Wrocław jest też jednym z najdroższych rynków mieszkaniowych w Polsce. Z danych Narodowego Banku Polskiego za II kw. 2017 wynika, że za metr kwadratowy nowego mieszkania należy zapłacić w tym mieście ponad 6300 zł. Stawka za 1 mkw. mieszkania z rynku wtórnego wynosi blisko 5500 zł.
Ceny mieszkań we Wrocławiu powoli rosną. W II kw. 2013 roku, a więc 4 lata temu za nowe mieszkanie w stolicy Dolnego Śląska płaciło się średnio 5500 zł/mkw., a więc mieszkania zdrożały o około 800 zł/mkw.
Wrocławskie ceny nowych lokali są co prawda niższe niż w Warszawie (7700/mkw.), Krakowie (6500/ mkw.) i Gdańsku (6400 zł), ale na tym samym poziomie, co w Poznaniu i wyższe od pozostałych miast regionalnych. Jeśli chodzi o rynek wtórny - wg danych NBP przeciętna stawka to 5500 zł/ mkw. Od końca 2013 r. zanotowano wzrost o niecałe 500 zł na metrze kwadratowym.
Wrocław jest miastem z umiarkowanym wpływem programu MDM. Wynika to głównie z tego, że limity cenowe Mieszkania dla Młodych były zbyt niskie w stosunku do stawek średnich, by duża liczba nieruchomości mogła być objęta dopłatami.
- Z naszych danych wynika, że warunki cenowe programu na rynku pierwotnym spełniało około 15 proc. mieszkań, na rynku wtórnym odsetek ten był jeszcze niższy i wynosił nie więcej niż 10 proc. Kupujący, poszukujący mieszkań w MDM byli skazani na zakup w dalszych, peryferyjnych rejonach miasta, które co prawda szybko się rozbudowują. Mowa o takich osiedlach, jak m.in. Stabłowice, Jagodno, Sołtysowice, Księże Małe, Psie Pole – komentuje Leszek Michniak.

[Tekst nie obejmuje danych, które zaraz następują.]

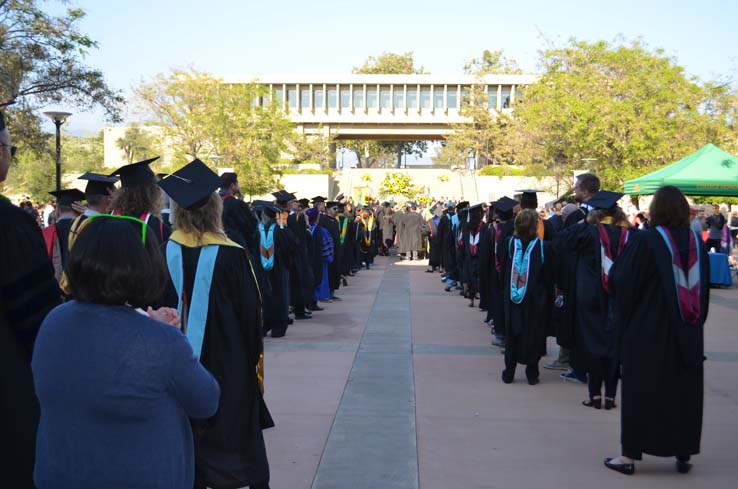 Students enjoying Commencement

Ogólna koniunktura na rynku najmu
Rynek najmu mieszkań cieszy się obecnie sporym zainteresowaniem inwestorów. Śmiało można zaryzykować stwierdzenie, że to w dużym stopniu on „odpowiada” za bardzo dobrą koniunkturę na rynku pierwotnym. Przypomnijmy, że w zeszłym roku deweloperzy sprzedali w największych miastach ponad 60 tys. mieszkań, co było wynikiem o 20 proc. lepszym niż rok wcześniej.
Bardzo wysoki popyt pociąga za sobą odpowiednio wysoką podaż. Z danych GUS wynika, że w II kwartale br. wydano pozwolenia na budowę 70 453 mieszkań i rozpoczęto budowę kolejnych 61 830 lokali, czyli odpowiednio aż o 16,97% i 39,87% więcej niż w poprzednim kwartale. Natomiast liczba mieszkań oddanych do użytkowania w okresie od kwietnia do czerwca 2017 roku spadła o 7,14% w ujęciu kwartalnym i wyniosła 37 689.

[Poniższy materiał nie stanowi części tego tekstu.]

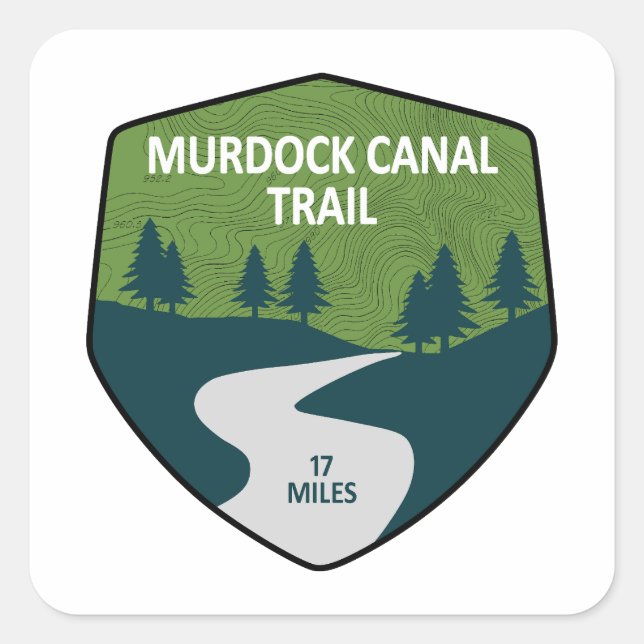 Sticker Carré Murdock Canal Trail Utah (Devant)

Zyskowność najmu, którą obecnie szacuje się w największych miastach na średnio 5 – 6 proc., wypada znacznie atrakcyjniej na tle innych for, inwestowania. Klienci rozczarowani zupełnym brakiem zyskowności lokat (z powodu inflacji i niskich stóp procentowych), szukają dla siebie alternatywy. Z tego powodu rośnie udział zakupów gotówkowych na rynku mieszkaniowym. Do transakcji finansowanych kredytem skłaniają natomiast rekordowo niskie stopy. Dzięki nim taka forma inwestycji jest obecnie opłacalna, a miesięczną ratę zobowiązania kredytowego można pokryć czynszem najmu.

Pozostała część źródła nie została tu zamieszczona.